Élise Costa tient depuis 2017 la chronique judiciaire au long cours du magazine en ligne Slate.fr. Elle est l’autrice des podcasts Fenêtre sur cour (ARTE Radio) et Le Système (Slate.fr).

INFOS TECHNIQUES

Littérature française
Faits divers
978-2-38134-039-5
216 pages
20 euros
2023

Écrire le crime

À la fin de chaque audience, le travail d’Élise Costa commence – il faut relire ses notes, s’atteler à l’écriture de sa chronique : qu’a-t-elle envie de raconter cette fois ? Puis la nuit tombe, et avec elle surgissent les souvenirs de la parole d’un témoin, de l’accusé ou de la victime.

29 mars 2019 – 14 h 15

«M. Dejean, après en avoir délibéré, la cour vous déclare coupable des faits qui vous sont reprochés.»

Dans les toilettes du palais de justice, une goutte de sang tombe dans le lavabo.

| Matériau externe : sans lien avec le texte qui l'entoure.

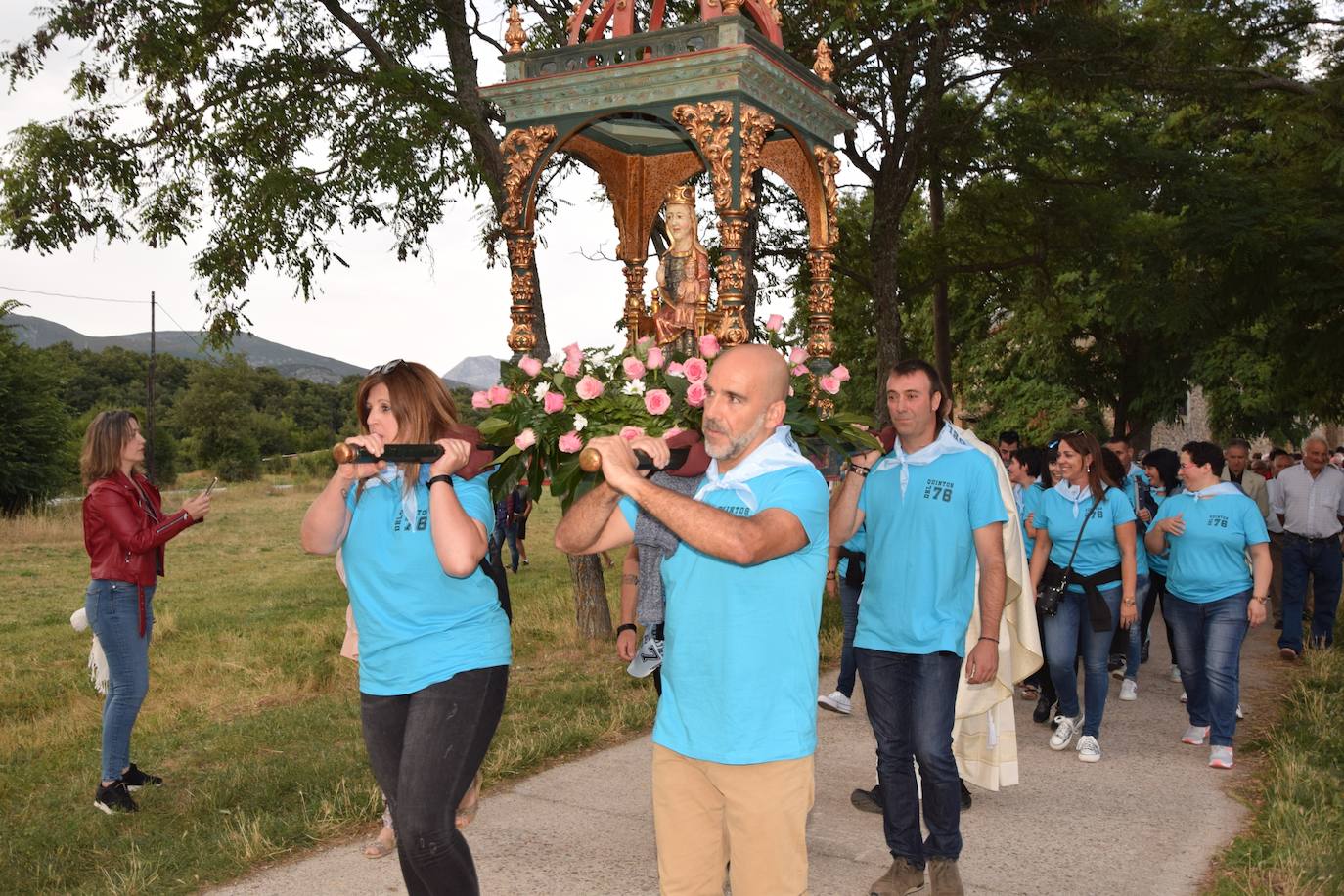 Los quintos portan la imagen.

Un instant, elle s’agrippe à la céramique blanche, puis glisse vers le siphon. Je relève la tête face au miroir. Un mince filet de sang coule de ma narine. Entre petites contrariétés et maladresses, cela m’arrivait enfant. Le distributeur de papier ne fonctionne pas. J’ouvre le robinet d’eau, m’essuie à toute hâte d’un revers de main et sors. Assise sur un des bancs en béton du tribunal, je regarde dans le vide. Chaque salle des pas perdus est unique en son genre, mais toutes ont le même mouvement. À la manière des halls de gare, il y a toujours, peu importe l’heure, quelqu’un qui, poussé par le vent de dehors, arpente les couloirs à la recherche de sa voie. Je ne sais combien de temps je reste ainsi sans bouger. De temps à autre, mon corps me rappelle mon immobilité et je dois prendre une longue inspiration. La respiration qui se coupe, sans raison et à intervalles réguliers, est un phénomène qui a surgi à l’âge adulte.

Derrière les grandes baies vitrées, le soleil descend. Cette façon de rester là à attendre m’insupporte. Le procès est fini. Je devrais rentrer chez moi et écrire. Ce n’est qu’un travail, pas vrai ? Mais on ne sait jamais quand ce travail se termine vraiment. Il peut encore arriver quelque chose. Je sais pourtant tout de la stupeur, du déni et autres pensées irrationnelles qui peuvent traverser une personne dans une cour d’assises. Je les ai vus de mes propres yeux. Je les ai retranscrits dans des articles de la longueur des fleuves. Et pourtant, je pense : ils vont tous revenir. Un homme n’est pas condamné à vingt ans de réclusion criminelle avec si peu d’éléments. Ce n’est pas censé se passer comme ça. Ils doivent revenir. Les magistrats, les gendarmes et les jurés. L’huissière d’audience remettra à la hâte sa robe. Les jurés aux traits tirés reprendront place dans leur siège en velours gris. Le président de la cour d’assises, accompagné de ses deux assesseurs, demandera à l’accusé de se lever, tandis que les policiers de l’escorte se mettront debout à leur tour pour l’encadrer. Alors, les jurés expliqueront qu’ils se sont trompés. Ils diront leur empathie pour les parties civiles, leur volonté de les aider à trouver enfin la paix, peu importent le coupable et le désir d’en finir au plus vite. Deux semaines de procès d’assises, c’est long, pour ne pas dire interminable.